このコラム欄のタイトルは、「はろけき方を思うかな」としました。「はろけき方(かた)」と読んでください。本校の卒業生ならば聞いたことのあるフレーズですが、一般の方にはピンとこないかもしれません。桐朋女子では、卒業式などの式典で学園歌「光の歌」を歌います。その2番の最後の部分が、「若き生命(いのち)のあくがれは はろけき方を思うかな」です。「はろけき」は古語(日本で昔使われていた言葉)です。「はるけし」という形容詞が変化したもので、「はろけき方」ははるか遠い所、それは時間的にも距離的にも、そして心理的にも遠い先ととらえてください。その前の「あくがれ」は「あくがる」という古語の動詞が変化したもので、「あくがる」は今の「あこがれる」につながります。若き生命(いのち)とは、桐朋女子の生徒のことでしょう。桐朋生が抱く希望は、近いところだけでなく、遠いところを見たものであって欲しい。大きな夢を抱いて欲しい。今の自分の立ち位置から見ればずーっと彼方にあると感じられるものであったとしても、夢を持とう。それは、「光の歌」の2番全体に込められている思いです。

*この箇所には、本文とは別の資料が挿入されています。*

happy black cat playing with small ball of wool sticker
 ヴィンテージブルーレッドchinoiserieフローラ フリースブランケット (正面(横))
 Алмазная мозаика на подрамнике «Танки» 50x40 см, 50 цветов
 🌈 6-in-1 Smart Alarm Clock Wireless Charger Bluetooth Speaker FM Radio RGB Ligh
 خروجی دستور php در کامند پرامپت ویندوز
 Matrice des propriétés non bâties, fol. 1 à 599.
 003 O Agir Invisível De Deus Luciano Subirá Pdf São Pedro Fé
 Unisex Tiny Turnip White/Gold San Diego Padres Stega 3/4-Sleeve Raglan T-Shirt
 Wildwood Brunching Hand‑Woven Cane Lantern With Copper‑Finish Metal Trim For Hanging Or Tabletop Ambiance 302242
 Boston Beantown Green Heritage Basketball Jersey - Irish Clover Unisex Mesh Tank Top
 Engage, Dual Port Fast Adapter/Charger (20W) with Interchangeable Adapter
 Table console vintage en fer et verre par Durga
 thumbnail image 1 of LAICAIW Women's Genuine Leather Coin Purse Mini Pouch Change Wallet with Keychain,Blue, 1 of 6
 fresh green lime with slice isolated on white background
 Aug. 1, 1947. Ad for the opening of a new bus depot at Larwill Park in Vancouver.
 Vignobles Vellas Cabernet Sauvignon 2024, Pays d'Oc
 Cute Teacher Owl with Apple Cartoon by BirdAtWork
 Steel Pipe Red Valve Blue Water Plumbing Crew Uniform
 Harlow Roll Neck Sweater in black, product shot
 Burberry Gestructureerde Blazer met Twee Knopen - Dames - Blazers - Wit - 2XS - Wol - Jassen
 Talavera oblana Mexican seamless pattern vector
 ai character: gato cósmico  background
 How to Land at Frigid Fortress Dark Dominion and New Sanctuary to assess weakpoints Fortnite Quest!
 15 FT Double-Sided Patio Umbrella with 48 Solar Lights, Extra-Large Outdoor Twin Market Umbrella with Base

「光の歌」が初めて披露されたのは、1949年です。学校の創立は1941年ですが、戦後桐朋女子中・高等学校と生まれ変わったのが1948年で、生徒から「みんなで歌う歌が欲しい」という声があがり、国語の先生が作詞し音楽の先生がそれに曲をつけました。校歌とは呼ばず、学園歌と呼んでいます。作詞した国語の先生が書き残したものを読むと、戦前の旧制高校の寮歌のように、みんなが集まったら自然に口ずさむ歌になって欲しいと考えたとあります。確かに「光の歌」には、学校名も目標もうたわれていません。校歌という意識で作られたものではなかったというのも、うなずけます。
(「光の歌」の歌詞や曲は、こちらからご確認ください。https://chuko.toho.ac.jp/guidance/uniform/)
そんな由来をもつ「光の歌」ですが、「はろけき方を思うかな」は、私たちを導く指針であると思います。学校は、未来を生きる中高生を育てる場です。これからも、生徒も教員も皆それぞれのはろけき方を思い描きながら、学校は桐朋生を育てていく所存です。
最後までお読みいただき、ありがとうございました。このコラム欄は、小学生も読むことを想定し、書いていく予定です。今後とも、よろしくお願いします。